It’s a dark, stormy, windy, cold, rainy, ugly night and you’re driving past a bus stop. At the bus stop, you see three people: an old friend who once saved your life, an old lady who’s dying, and your dream partner.
You only have room for one other person in your Smart Car. If you pick up your friend, you will repay him for saving your life. If you bring the old lady to the hospital, she might live. If you leave your dream partner, you know you’ll never find them again.
What do you do, and why? Think about this question and think of what your answer would be.
This question was asked as part of an interview process for a competitive job spot. The following is the answer of the applicant who finally got the job.

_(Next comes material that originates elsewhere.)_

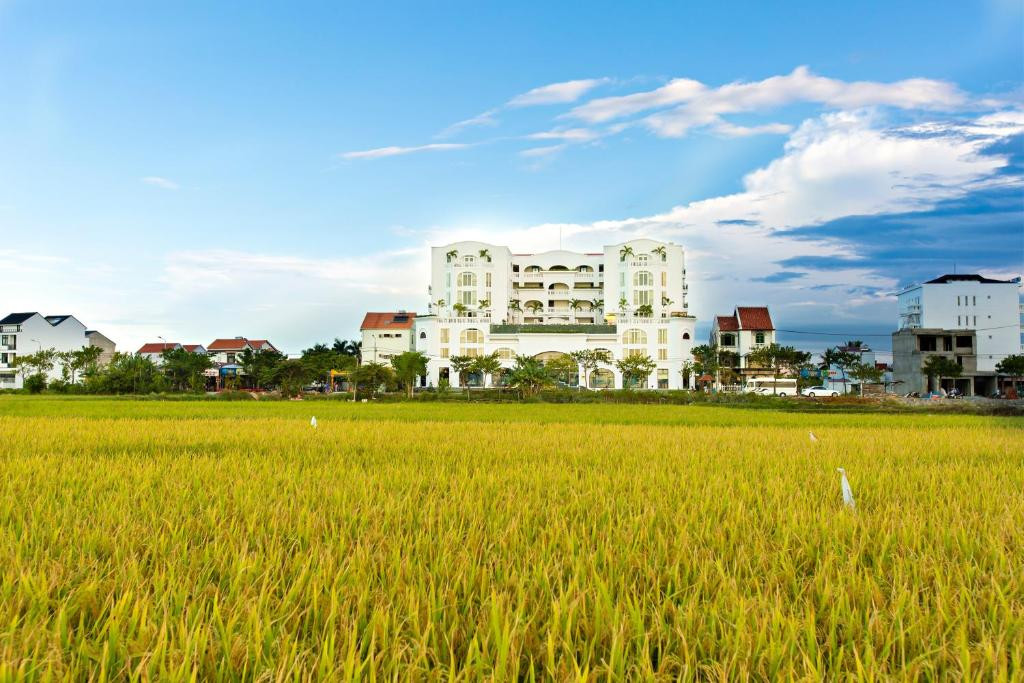 LASENTA BOUTIQUE HOTEL HOIAN — фото 12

“I would give the car keys to my friend to drive the old lady to the hospital and get himself out of the rain. Then I would wait for the bus with my dream partner.”

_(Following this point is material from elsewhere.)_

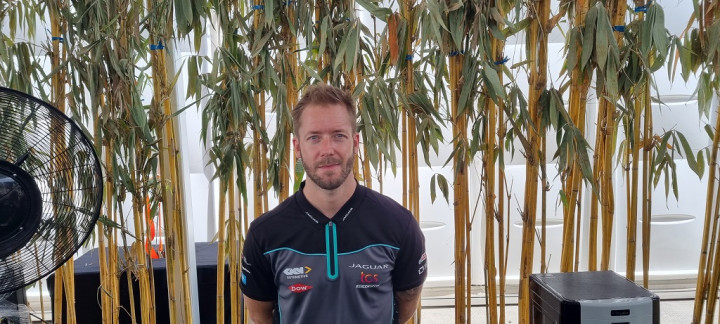 Pengaturan Ban akan Jadi Kunci di Formula E Jakarta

You see, most of us accept the options given.
Ask yourself? Did you accept the trade-off that the riddle set up for you?
The author of the riddle anchors your thinking into a WIN/LOSE situation; where it positions every answer as a tradeoff.
How many times do we anchor our thinking into WIN/LOSE situations? Where we blind ourselves from the possibilities of creative WIN/WIN outcomes?
Do you believe that everything is a trade-off?
Or, can synergistic solutions create benefit for all parties?
Next time you’re facing a difficult decision with a WIN/LOSE or LOSE/LOSE tradeoff, ask yourself;
“What options can I create that aren’t already in front of me?”